From: Max Reitz <mreitz@redhat.com>
To: qemu-block@nongnu.org
Cc: Kevin Wolf <kwolf@redhat.com>, qemu-devel@nongnu.org
Subject: Re: [Qemu-devel] [PATCH for-4.1 0/2] block: bdrv_drained_end() changes fallout
Date: Mon, 22 Jul 2019 19:18:20 +0200 [thread overview]
Message-ID: <5f89c6ba-b049-db87-23ec-0317c53e978f@redhat.com> (raw)
In-Reply-To: <20190722133054.21781-1-mreitz@redhat.com>
[-- Attachment #1.1.1: Type: text/plain, Size: 2830 bytes --]

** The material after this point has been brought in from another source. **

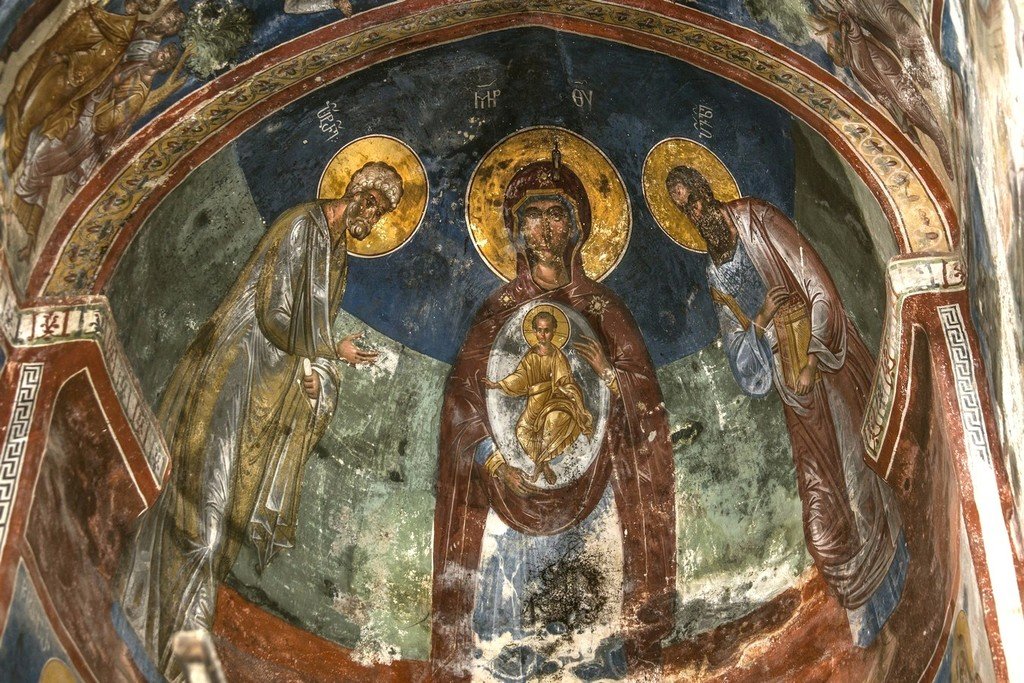 Богоматерь Никопея с предстоящими Апостолами Петром и Павлом. Фреска церкви Святого Георгия в монастыре Гелати, Грузия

On 22.07.19 15:30, Max Reitz wrote:
> Hi,
>
> I noted that test-bdrv-drain sometimgs hangs (very rarely, though), and
> tried to write a test that triggers the issue. I failed to do so (there
> is a good reason for that, see patch 1), but on my way I noticed that
> calling bdrv_set_aio_context_ignore() from any AioContext but the main
> one is a bad idea. Hence patch 2.
>
> Anyway, I found the problem, which is fixed by patch 1 -- I think it’s
> rather obvious. There is no dedicated test because I don’t think it’s
> possible to write one, as I explain there.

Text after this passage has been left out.